Copy the reference tracer from `examples/langchain_tracer.py` to your project:

```python
from langchain_tracer import EvaldeckTracer
from langchain.agents import AgentExecutor

tracer = EvaldeckTracer()
agent = AgentExecutor(...)

result = agent.invoke(
    {"input": "Book a flight"},
    config={"callbacks": [tracer]}
)

# Get trace for evaluation
trace = tracer.get_trace()
```

### Manual trace construction

```python
from evaldeck import Trace, Step, Evaluator

trace = Trace(
    input="Book a flight from NYC to LA",
    steps=[
        Step(
            type="tool_call",
            tool_name="search_flights",
            tool_args={"from": "NYC", "to": "LA"},
            tool_result=[{"flight": "AA123", "price": 299}]
        ),
        Step(
            type="tool_call",
            tool_name="book_flight",
            tool_args={"flight_id": "AA123"},
            tool_result={"confirmation": "ABC123"}
        ),
    ],
    output="Your flight AA123 is booked. Confirmation: ABC123",
    status="success"
)

evaluator = Evaluator()
result = evaluator.evaluate(trace, test_case)
```

## CI/CD Integration

### GitHub Actions

```yaml
# .github/workflows/evaldeck.yaml
name: Agent Evaluation

on: [push, pull_request]

jobs:
  evaluate:
    runs-on: ubuntu-latest
    steps:
      - uses: actions/checkout@v4

      - uses: actions/setup-python@v5
        with:
          python-version: '3.11'

      - run: pip install evaldeck[all]

      - run: evaldeck run --output junit --output-file results.xml
        env:
          OPENAI_API_KEY: ${{ secrets.OPENAI_API_KEY }}

      - uses: mikepenz/action-junit-report@v4
        if: always()
        with:
          report_paths: results.xml
```

## Metrics

| Metric | Description |
|--------|-------------|
| `task_completion` | Did the agent achieve the goal? |
| `tool_correctness` | Were the right tools selected? |
| `argument_correctness` | Were correct arguments passed to tools? |
| `step_efficiency` | Did it complete without unnecessary steps? |
| `tool_call_ordering` | Were tools called in the right sequence? |

## Graders

### Code-based (deterministic)

```python
from evaldeck.graders import ContainsGrader, ToolCalledGrader

graders = [
    ContainsGrader(values=["confirmation"]),
    ToolCalledGrader(required=["book_flight"]),
]
```

### Model-based (LLM-as-judge)

```python
from evaldeck.graders import LLMGrader

grader = LLMGrader(
    prompt="Did the agent complete the booking? Answer: pass or fail",
    model="gpt-4o-mini",  # Uses your API key
)
```

## Roadmap

- [x] Core evaluation engine
- [x] CLI interface
- [x] LangChain integration
- [ ] CrewAI integration
- [ ] AutoGen integration
- [ ] VS Code extension
- [ ] Historical result tracking
- [ ] Team dashboard (cloud)

## Contributing

We welcome contributions!
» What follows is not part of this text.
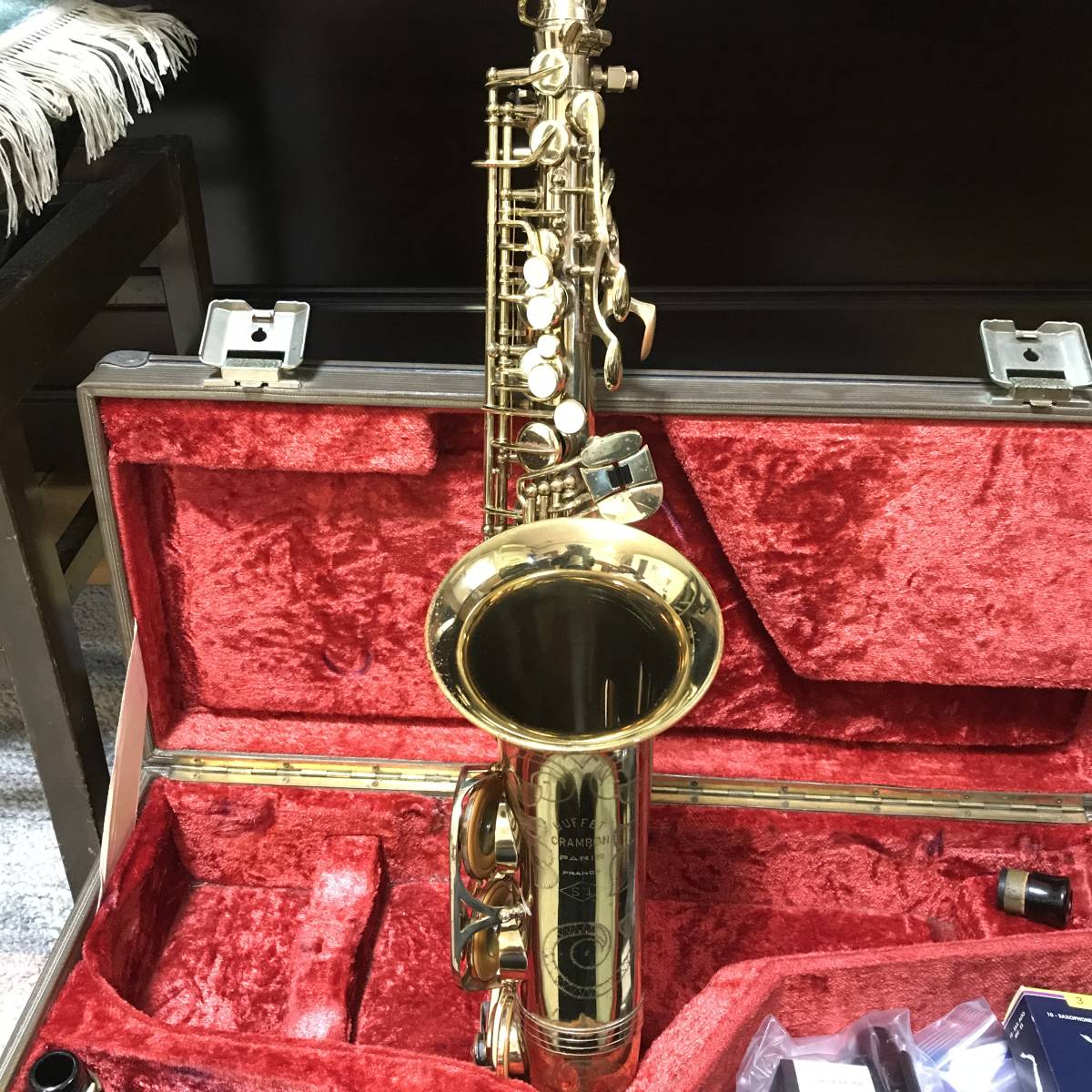 KAWAI EAS-138L made by B&S アルトサックス 楽器 S10481162-正規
See [CONTRIBUTING.md](CONTRIBUTING.md) for guidelines.

```bash
# Setup development environment
git clone https://github.com/tantra-run/evaldeck-py.git
cd evaldeck
pip install -e ".[dev]"
pre-commit install

# Run tests
pytest

# Run linting
ruff check .
mypy src/
```

## License

Apache 2.0 - See [LICENSE](LICENSE) for details.